Copy out every line of the data exactly; do not include the images.

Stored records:
━━━━━━━━━━━━━━━━━━━━━━━━━━━━━━

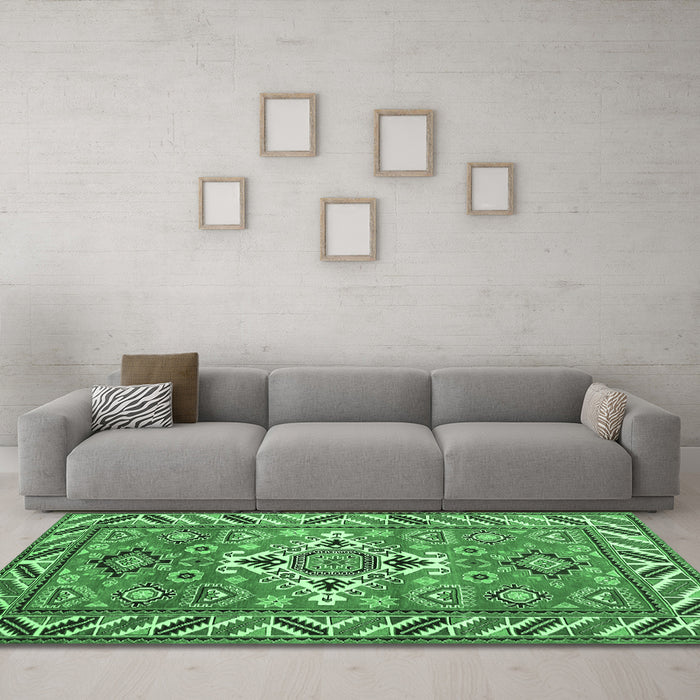 Machine Washable Geometric Emerald Green Traditional Area Rugs in a Living Room,, wshtr282emgrn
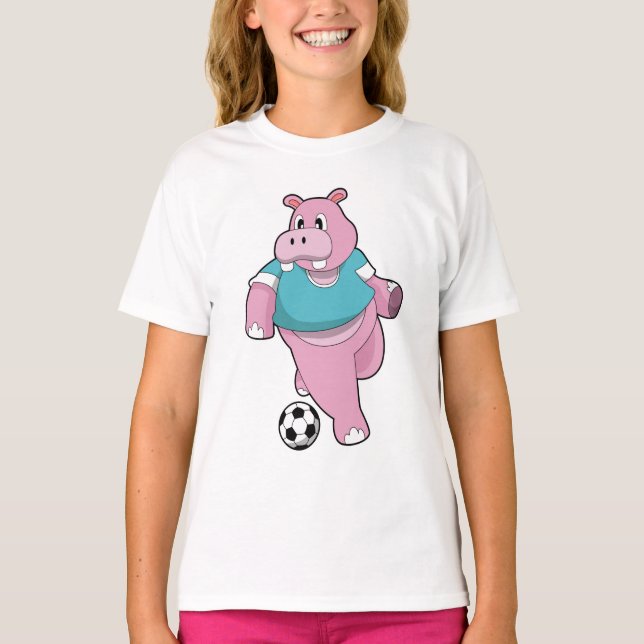 Hippo als Fußballspieler mit Fußball.PNG T-Shirt (Vorderseite)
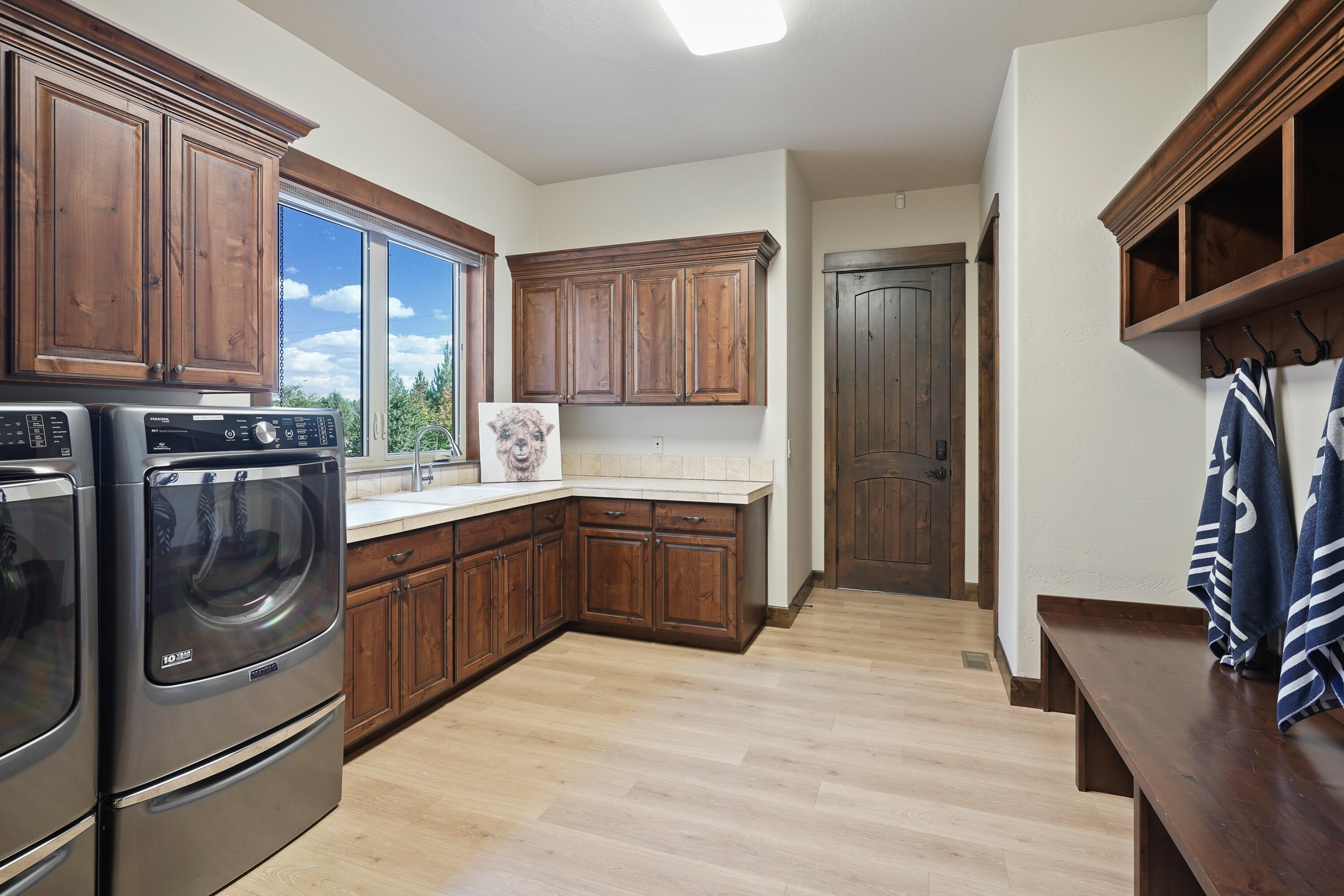 21230 Yeoman Road Bend, OR 97701 - Photo 25 of 57 DSC04211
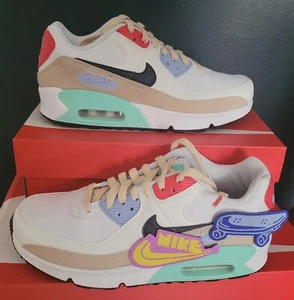 NEW AUTHENTIC NIKE AIR MAX 90 LEATHER SE "PATCHES" US 5 Y - Picture 1 of 6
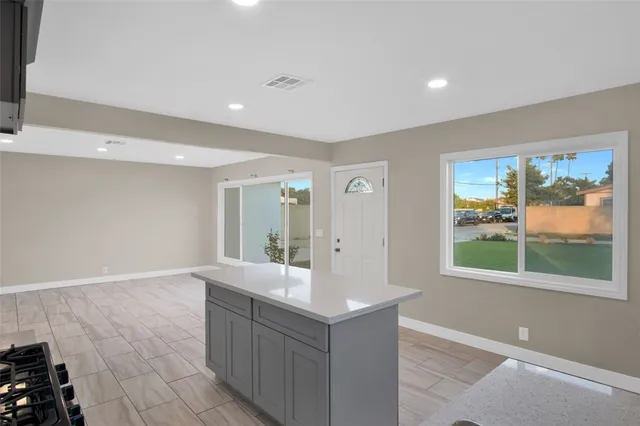 $3,500 | 5522 Silver Drive, Santa Ana, CA 92703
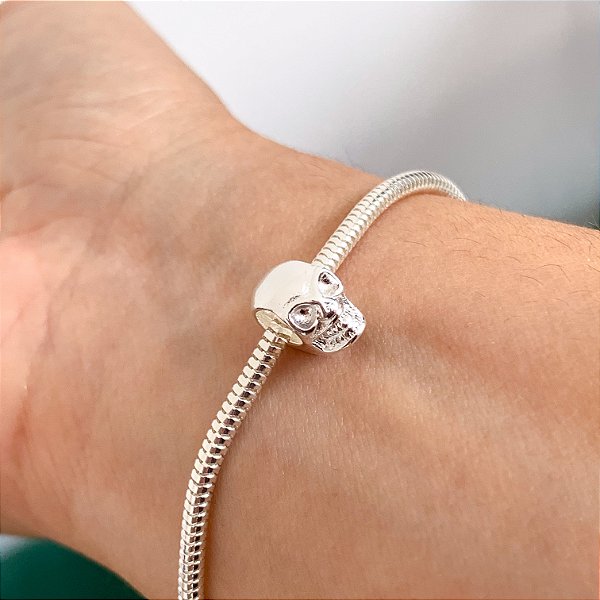 Berloque mini caveira banhado a prata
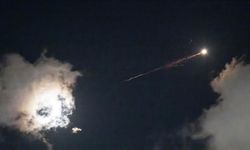 Yemen'deki Husiler İsrail'e füze fırlattı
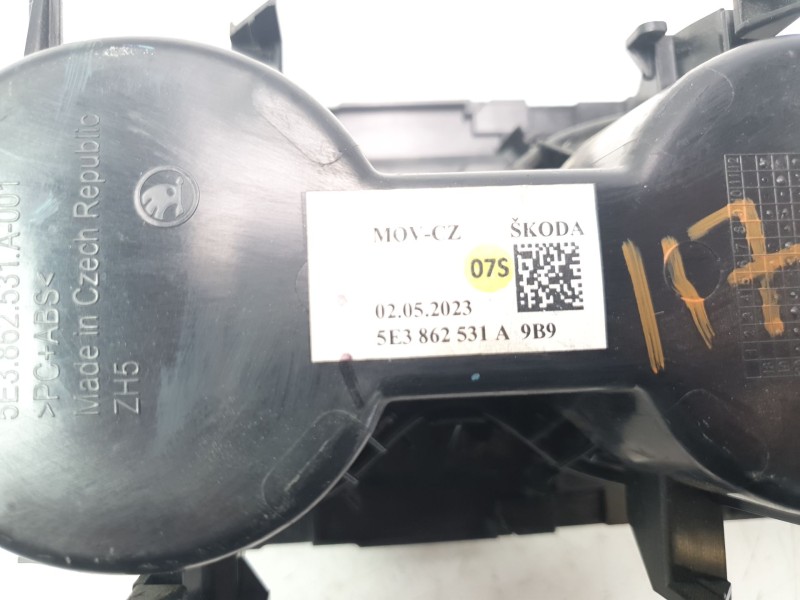 Recambio de moldura para skoda octavia lim. (nx3) ambition referencia OEM IAM 5E3862531A  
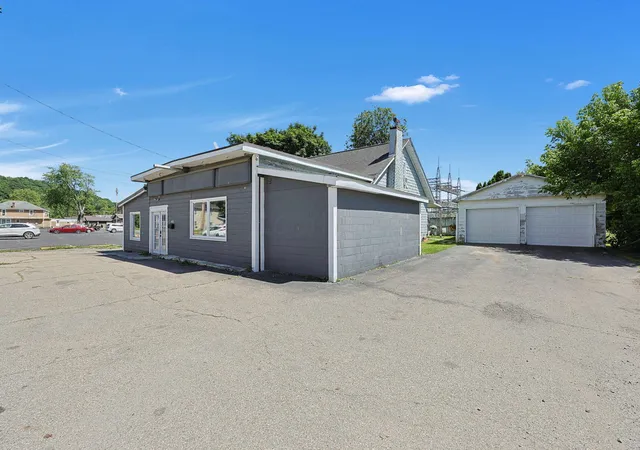 Homes for sale in Logan, OH | 685 E Front St, Logan, OH 43138 | MLS# 226020217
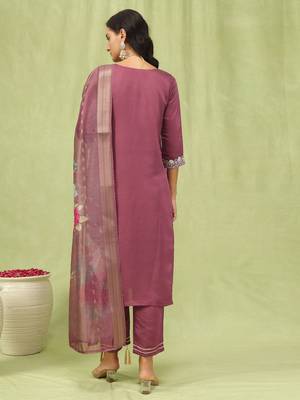 Vredevogel  women   s viscose roman silk embroidery straight kurta pant with dupatta set 2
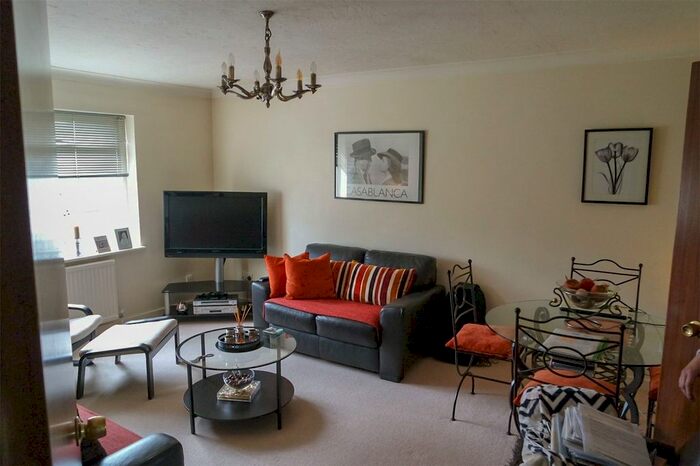 3 Bedroom Flat To Rent In Bells Hill, Barnet, Herts, EN5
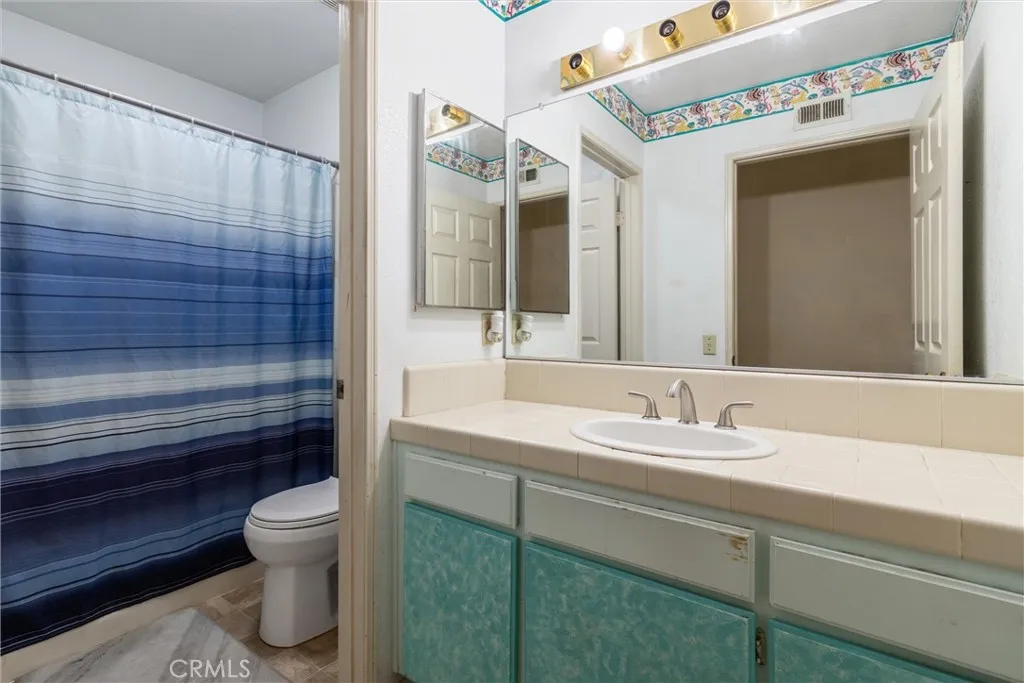 43653 Serenity Court, Lancaster, California 93535 home-pic-11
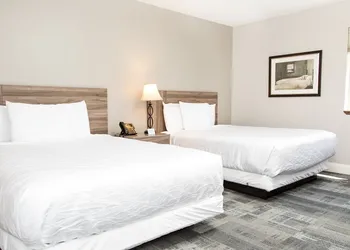 Harvest Inn hotel thumbnail 4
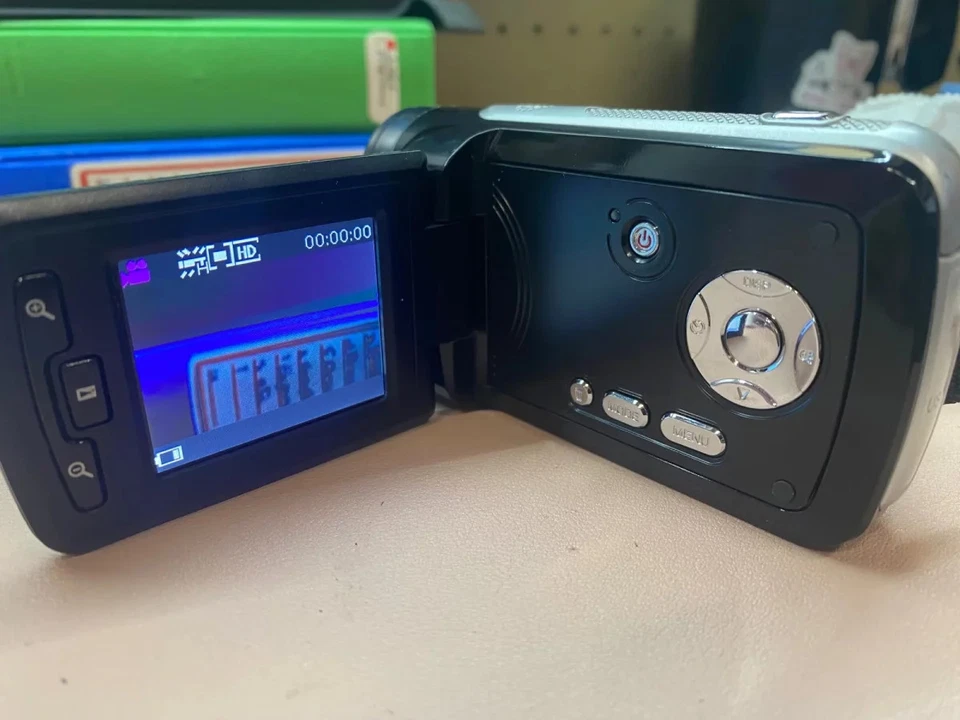 Bell Howell DV200HD Camcorder - Powers On, For Parts/Repair, No SD/Charger - Image 2 of 3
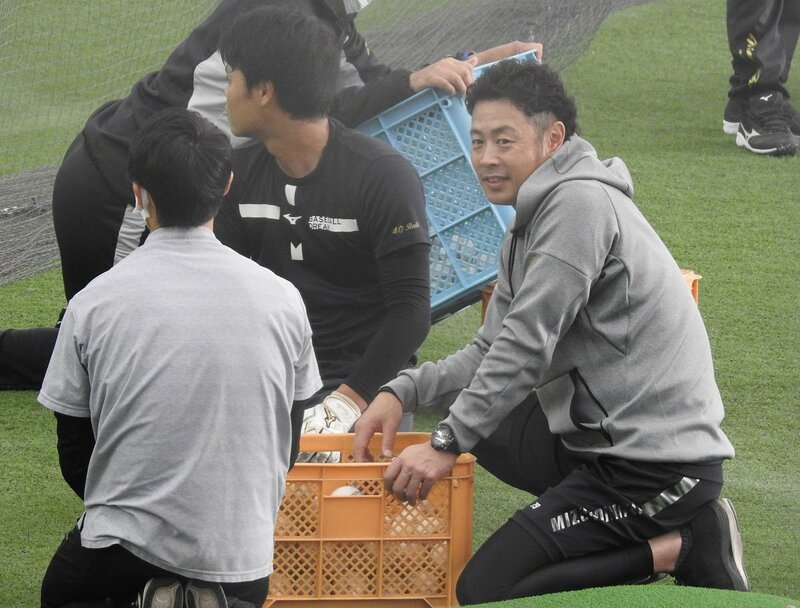 【巨人】亀井コーチ　電撃復帰の長野久義を歓迎「チームが困った時に助けられる選手」 | 記事 | 東スポWEB
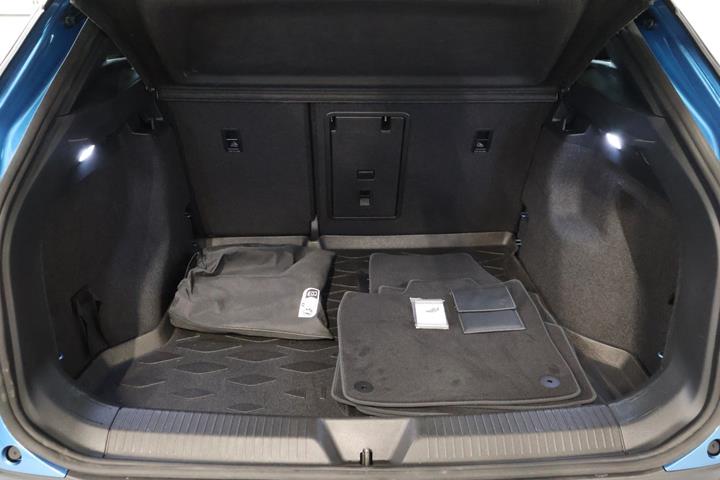 Blå VW ID.4 fra 2025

━━━━━━━━━━━━━━━━━━━━━━━━━━━━━━

### Result below:
 Machine Washable Geometric Emerald Green Traditional Area Rugs in a Living Room,, wshtr282emgrn
 Hippo als Fußballspieler mit Fußball.PNG T-Shirt (Vorderseite)
 21230 Yeoman Road Bend, OR 97701 - Photo 25 of 57 DSC04211
 NEW AUTHENTIC NIKE AIR MAX 90 LEATHER SE "PATCHES" US 5 Y - Picture 1 of 6
 $3,500 | 5522 Silver Drive, Santa Ana, CA 92703
 Berloque mini caveira banhado a prata
 Yemen'deki Husiler İsrail'e füze fırlattı
 Recambio de moldura para skoda octavia lim. (nx3) ambition referencia OEM IAM 5E3862531A  
 Homes for sale in Logan, OH | 685 E Front St, Logan, OH 43138 | MLS# 226020217
 Vredevogel  women   s viscose roman silk embroidery straight kurta pant with dupatta set 2
 3 Bedroom Flat To Rent In Bells Hill, Barnet, Herts, EN5
 43653 Serenity Court, Lancaster, California 93535 home-pic-11
 Harvest Inn hotel thumbnail 4
 Bell Howell DV200HD Camcorder - Powers On, For Parts/Repair, No SD/Charger - Image 2 of 3
 【巨人】亀井コーチ　電撃復帰の長野久義を歓迎「チームが困った時に助けられる選手」 | 記事 | 東スポWEB
 Blå VW ID.4 fra 2025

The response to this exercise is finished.